**What to work on**
When you reach the line containing "Alinde Quintet –" in the entries below, start writing out each line exactly, and stop after the line containing "Happy young woman with".

**Information given**
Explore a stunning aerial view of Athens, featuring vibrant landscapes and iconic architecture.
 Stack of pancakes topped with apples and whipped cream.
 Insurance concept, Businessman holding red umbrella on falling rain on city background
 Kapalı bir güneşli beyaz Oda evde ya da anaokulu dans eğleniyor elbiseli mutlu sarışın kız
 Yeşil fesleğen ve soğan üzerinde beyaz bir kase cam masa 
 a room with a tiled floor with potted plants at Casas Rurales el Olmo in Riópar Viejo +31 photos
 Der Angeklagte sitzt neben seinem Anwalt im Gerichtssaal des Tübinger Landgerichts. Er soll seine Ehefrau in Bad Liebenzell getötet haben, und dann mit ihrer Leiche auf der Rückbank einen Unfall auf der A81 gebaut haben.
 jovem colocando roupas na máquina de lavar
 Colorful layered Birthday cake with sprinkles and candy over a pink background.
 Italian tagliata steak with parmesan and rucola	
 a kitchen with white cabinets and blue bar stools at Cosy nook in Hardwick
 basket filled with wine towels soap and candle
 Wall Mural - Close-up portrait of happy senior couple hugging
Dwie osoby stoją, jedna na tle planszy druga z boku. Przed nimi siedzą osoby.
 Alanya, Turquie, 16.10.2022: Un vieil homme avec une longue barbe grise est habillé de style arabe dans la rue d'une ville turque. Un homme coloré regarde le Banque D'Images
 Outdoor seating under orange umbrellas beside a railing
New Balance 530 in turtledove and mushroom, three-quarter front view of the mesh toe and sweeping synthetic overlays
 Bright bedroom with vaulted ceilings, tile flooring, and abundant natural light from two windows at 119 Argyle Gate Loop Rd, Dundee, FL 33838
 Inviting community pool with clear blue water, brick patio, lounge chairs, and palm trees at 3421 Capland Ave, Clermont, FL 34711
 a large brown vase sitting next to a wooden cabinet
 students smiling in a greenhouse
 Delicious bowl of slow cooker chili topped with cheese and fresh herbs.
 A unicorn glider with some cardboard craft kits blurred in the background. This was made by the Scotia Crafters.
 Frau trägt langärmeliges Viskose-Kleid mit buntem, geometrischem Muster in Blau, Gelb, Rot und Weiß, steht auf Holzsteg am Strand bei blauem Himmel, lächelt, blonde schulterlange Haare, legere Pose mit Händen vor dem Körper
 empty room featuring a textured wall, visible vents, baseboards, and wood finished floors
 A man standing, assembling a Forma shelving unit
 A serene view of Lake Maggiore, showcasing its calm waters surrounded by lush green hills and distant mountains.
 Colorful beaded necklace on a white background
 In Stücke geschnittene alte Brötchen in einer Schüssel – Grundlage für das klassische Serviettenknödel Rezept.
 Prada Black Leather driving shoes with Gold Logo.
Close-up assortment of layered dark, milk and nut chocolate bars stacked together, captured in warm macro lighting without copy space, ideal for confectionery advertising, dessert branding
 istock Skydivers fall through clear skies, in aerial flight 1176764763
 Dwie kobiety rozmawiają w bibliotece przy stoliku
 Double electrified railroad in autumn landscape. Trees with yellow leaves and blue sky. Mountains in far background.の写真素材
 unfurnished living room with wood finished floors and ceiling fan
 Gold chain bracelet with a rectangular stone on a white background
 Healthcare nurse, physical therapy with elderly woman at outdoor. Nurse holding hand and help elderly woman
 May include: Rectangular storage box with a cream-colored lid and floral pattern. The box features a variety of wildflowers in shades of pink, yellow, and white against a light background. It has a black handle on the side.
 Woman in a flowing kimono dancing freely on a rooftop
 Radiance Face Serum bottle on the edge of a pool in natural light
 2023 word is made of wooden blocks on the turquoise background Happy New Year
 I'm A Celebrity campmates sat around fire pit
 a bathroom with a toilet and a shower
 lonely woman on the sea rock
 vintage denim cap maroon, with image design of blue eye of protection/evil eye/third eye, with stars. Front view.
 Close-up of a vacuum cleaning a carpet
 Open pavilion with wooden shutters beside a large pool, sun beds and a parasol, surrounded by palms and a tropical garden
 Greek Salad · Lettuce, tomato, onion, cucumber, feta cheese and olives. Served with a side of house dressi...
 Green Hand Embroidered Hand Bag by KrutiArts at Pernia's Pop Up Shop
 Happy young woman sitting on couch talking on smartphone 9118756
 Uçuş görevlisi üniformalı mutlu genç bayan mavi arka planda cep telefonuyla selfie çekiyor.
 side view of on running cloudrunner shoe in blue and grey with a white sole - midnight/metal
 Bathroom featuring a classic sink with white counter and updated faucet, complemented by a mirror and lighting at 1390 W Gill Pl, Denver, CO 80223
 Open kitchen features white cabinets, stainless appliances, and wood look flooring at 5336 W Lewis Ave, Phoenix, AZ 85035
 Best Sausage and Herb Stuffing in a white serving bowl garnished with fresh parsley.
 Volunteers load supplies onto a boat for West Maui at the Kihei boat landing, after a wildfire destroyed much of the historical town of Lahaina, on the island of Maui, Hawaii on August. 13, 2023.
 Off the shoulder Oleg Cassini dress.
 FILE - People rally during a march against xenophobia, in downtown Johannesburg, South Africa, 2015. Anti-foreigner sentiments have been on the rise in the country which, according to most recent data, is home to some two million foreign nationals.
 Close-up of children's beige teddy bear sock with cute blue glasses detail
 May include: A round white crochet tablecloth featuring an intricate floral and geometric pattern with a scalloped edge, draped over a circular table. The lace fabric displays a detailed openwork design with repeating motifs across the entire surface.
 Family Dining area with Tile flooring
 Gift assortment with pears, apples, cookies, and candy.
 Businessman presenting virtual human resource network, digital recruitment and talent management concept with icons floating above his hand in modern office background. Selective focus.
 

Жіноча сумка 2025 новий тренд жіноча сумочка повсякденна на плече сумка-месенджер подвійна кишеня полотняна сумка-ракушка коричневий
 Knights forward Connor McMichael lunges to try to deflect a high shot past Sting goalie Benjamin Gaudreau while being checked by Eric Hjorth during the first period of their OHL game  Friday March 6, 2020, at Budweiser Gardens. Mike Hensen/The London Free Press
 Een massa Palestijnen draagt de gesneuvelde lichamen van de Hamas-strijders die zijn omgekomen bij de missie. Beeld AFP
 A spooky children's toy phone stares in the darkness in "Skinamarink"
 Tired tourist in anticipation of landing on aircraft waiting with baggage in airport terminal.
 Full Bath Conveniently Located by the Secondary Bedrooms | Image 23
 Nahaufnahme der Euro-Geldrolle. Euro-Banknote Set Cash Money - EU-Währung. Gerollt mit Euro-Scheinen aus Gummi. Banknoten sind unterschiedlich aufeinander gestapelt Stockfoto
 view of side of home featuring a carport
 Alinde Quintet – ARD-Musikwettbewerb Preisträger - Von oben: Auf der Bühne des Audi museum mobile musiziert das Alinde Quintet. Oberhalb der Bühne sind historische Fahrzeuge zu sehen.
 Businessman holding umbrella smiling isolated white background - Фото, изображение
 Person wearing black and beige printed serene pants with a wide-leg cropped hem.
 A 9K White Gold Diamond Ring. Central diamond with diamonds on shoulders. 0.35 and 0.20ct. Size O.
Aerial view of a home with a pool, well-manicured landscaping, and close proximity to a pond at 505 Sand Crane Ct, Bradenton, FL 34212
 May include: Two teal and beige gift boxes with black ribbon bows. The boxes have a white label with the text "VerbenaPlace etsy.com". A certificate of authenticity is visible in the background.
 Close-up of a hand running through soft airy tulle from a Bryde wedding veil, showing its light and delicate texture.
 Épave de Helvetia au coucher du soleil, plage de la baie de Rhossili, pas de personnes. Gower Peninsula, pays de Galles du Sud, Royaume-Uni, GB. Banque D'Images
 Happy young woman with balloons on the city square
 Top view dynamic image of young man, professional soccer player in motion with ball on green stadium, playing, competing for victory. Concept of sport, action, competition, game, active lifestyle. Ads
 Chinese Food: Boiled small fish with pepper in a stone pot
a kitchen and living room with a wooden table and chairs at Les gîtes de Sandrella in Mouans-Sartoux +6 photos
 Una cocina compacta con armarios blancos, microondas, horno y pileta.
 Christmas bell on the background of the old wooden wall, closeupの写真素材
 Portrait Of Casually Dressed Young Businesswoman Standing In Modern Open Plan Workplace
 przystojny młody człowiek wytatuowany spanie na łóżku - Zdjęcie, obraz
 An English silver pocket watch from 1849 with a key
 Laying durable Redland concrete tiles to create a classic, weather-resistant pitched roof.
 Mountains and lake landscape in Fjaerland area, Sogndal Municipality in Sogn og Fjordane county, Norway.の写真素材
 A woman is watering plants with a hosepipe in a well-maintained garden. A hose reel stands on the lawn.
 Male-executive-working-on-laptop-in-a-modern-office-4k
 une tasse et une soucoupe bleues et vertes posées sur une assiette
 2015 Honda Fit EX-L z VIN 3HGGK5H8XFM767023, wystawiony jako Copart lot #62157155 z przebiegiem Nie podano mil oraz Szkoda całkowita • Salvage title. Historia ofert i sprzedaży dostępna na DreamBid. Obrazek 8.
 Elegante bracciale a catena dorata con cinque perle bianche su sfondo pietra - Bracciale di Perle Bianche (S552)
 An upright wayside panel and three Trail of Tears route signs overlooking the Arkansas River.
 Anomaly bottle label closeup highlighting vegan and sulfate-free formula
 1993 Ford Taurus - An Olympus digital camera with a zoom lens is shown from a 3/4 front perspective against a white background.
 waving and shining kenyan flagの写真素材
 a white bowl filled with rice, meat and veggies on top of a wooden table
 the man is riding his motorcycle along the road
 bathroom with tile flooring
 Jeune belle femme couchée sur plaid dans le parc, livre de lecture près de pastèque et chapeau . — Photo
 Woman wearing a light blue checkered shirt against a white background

**Task answer**
 Alinde Quintet – ARD-Musikwettbewerb Preisträger - Von oben: Auf der Bühne des Audi museum mobile musiziert das Alinde Quintet. Oberhalb der Bühne sind historische Fahrzeuge zu sehen.
 Businessman holding umbrella smiling isolated white background - Фото, изображение
 Person wearing black and beige printed serene pants with a wide-leg cropped hem.
 A 9K White Gold Diamond Ring. Central diamond with diamonds on shoulders. 0.35 and 0.20ct. Size O.
Aerial view of a home with a pool, well-manicured landscaping, and close proximity to a pond at 505 Sand Crane Ct, Bradenton, FL 34212
 May include: Two teal and beige gift boxes with black ribbon bows. The boxes have a white label with the text "VerbenaPlace etsy.com". A certificate of authenticity is visible in the background.
 Close-up of a hand running through soft airy tulle from a Bryde wedding veil, showing its light and delicate texture.
 Épave de Helvetia au coucher du soleil, plage de la baie de Rhossili, pas de personnes. Gower Peninsula, pays de Galles du Sud, Royaume-Uni, GB. Banque D'Images
 Happy young woman with balloons on the city square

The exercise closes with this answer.